Former Chief Minister Chandrababu Naidu announced in 2015 that Amaravati will be the capital, but five years later, a proposal to have three capital cities was launched. According to that plan, Visakhapatnam and Kurnool would join Amaravati; the latter would be the legislative city, Kurnool the judicial capital, and Visakhapatnam the executive capital of Andra Pradesh. The Andra Pradesh High Court ruled against the plan to establish three capitals in March of last year, instead directing the government to develop Amaravati. The court ruled that the legislature lacked the authority to make such choices.
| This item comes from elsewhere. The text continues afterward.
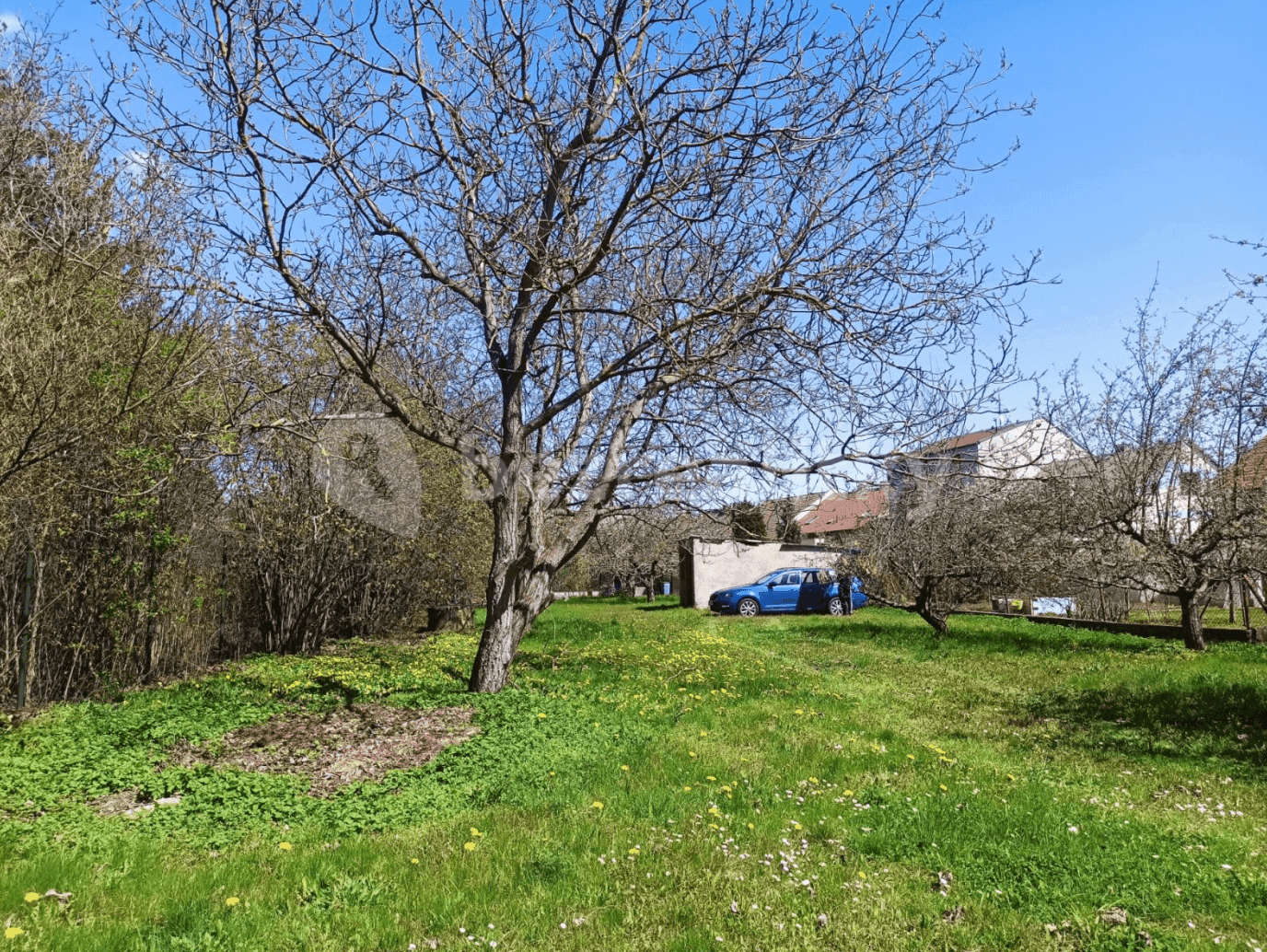 Pozemek Prodej stavebního pozemku | Hradec Králové | 3745 Kč/m2 Pozemek Prodej stavebního pozemku | Hradec Králové | 3745 Kč/m2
The state overturned the statute designed to establish three capital cities in November, promising a ‘comprehensive, complete, and better’ proposal. However, in an unexpected turn of events, the Supreme Court delayed that judgement, stating that “courts are not governments” and that the High Court had overstepped its bounds. Meanwhile, during the back-and-forth for a new capital, Amaravati became the epicentre of a land fraud, an allegation levelled by the ruling YSR Congress against its rival and former government group, the Telugu Desam Party.